En ja, dat is inmiddels geschiedenis. Dat is 2000 jaar geleden gebeurt. Maar God gaat daarmee door: Christus komt wonen in het midden van de gemeente, door de heilige Geest. Dat hebben wij nooit in onze zak. Maar het is de ervaring van 2000 jaar christendom, van de kerk, dat het toch elke keer weer gebeurt. Waar mensen knielen. Waar jij en ik door de knieën gaan. Dat God daar dan komt.
Nee, niet altijd meteen. God is niet de bezorgservice van de AH waar je je tijdslot uit kunt kiezen. God blijft ten allen tijde soeverein. Wachten en volharden hoort ook bij geloven. Maar God is zó! God is zo dat Hij jou wil vullen.
4.
Waarmee dan? In dit gebed draait het vooral daarom dat we zicht krijgen op de grenzeloze liefde van God. Dat is de focus. Dat is het perspectief. God wil dus niet dat we, als we ons leeg en hopeloos voelen, focussen op het tekort, gaan navelstaren, om bij jezelf na te gaan wat voor zonden er allemaal in je zijn overgebleven, of in anderen. Ik bedoel niet dat je niet aan zelfonderzoek moet doen, aan reflectie. Zeker wel. Heel belangrijk. Maar dat is geen doel op zich.
Weet u, ik rijd tegenwoordig op de fiets naar de kazerne, een uur heen en een uur terug, en dan ’s middags op weg naar huis, kom ik wel langs 4 snackbars. En geloof me: ik realiseer me pas goed wat een trek ik heb, als ik daar langs fiets 😊. Als de frietlucht in mijn neus komt.
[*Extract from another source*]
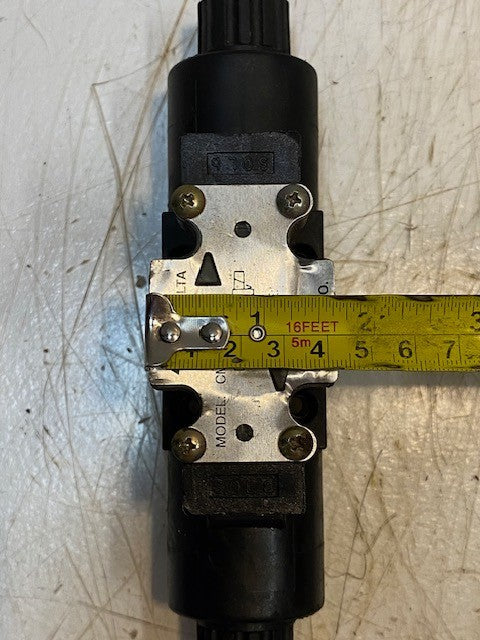 Power Co. Delta APE Model CM3 Hydraulic Directional Control Valve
Zo zegt Paulus: ik bid dat jullie, als de moed jullie in de schoenen zakt, dat jullie dan de moeite nemen om de liefde van God op te snuiven. Om je daarop te focussen. Als iets nieuwe moed kan geven, dan is het dat. Dat je bedenkt dat die liefde van God onmetelijk is, grenzeloos.
‘Opdat u ten volle zou kunnen begrijpen, met alle heiligen, wat de breedte en lengte en diepte en hoogte is, en u de liefde van Christus zou kennen, die de kennis te boven gaat.’
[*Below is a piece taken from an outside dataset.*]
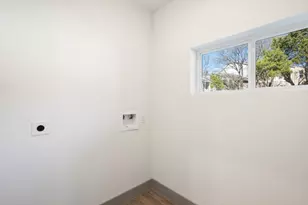 2450 Wickersham Ln, Austin, TX 78741 - Photo 23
Dat je bedenkt, dat terwijl jij en ik maar stofjes, zandkorreltjes zijn in een immens heelal. Mensen, die ook nog eens een rommel maken van deze wereld. De schepping uitbuiten. Elkaar dwars zitten. De een zich beter vind dan de ander. Die dénken dat ze het op eigen kracht wel kunnen. Dat daar bovenuit een oneindig grote God is, die ons ondanks dat alles liefheeft, diep liefheeft, méér lief dan Zichzelf. Die jou en mij al liefheeft van eeuwigheid.
Nog voor jij en ik geboren waren, had Hij jou al op het oog. Hij heeft gezorgd dat je geboren werd. Hij heeft je gekoesterd vanaf je onooglijke begin. Keer op keert voelt Hij de pijn als je fouten maakt. Maar dat doet niet af aan Zijn liefde, dat maakt Hem alleen nog maar méér vastbesloten je te redden. Al vóór je geboorte, heeft Hij daarvoor geleden, liet zich martelen aan het kruis, is daarvoor gestorven. Omdat Hij jou niet kwijt wil. Nu niet. In eeuwigheid niet.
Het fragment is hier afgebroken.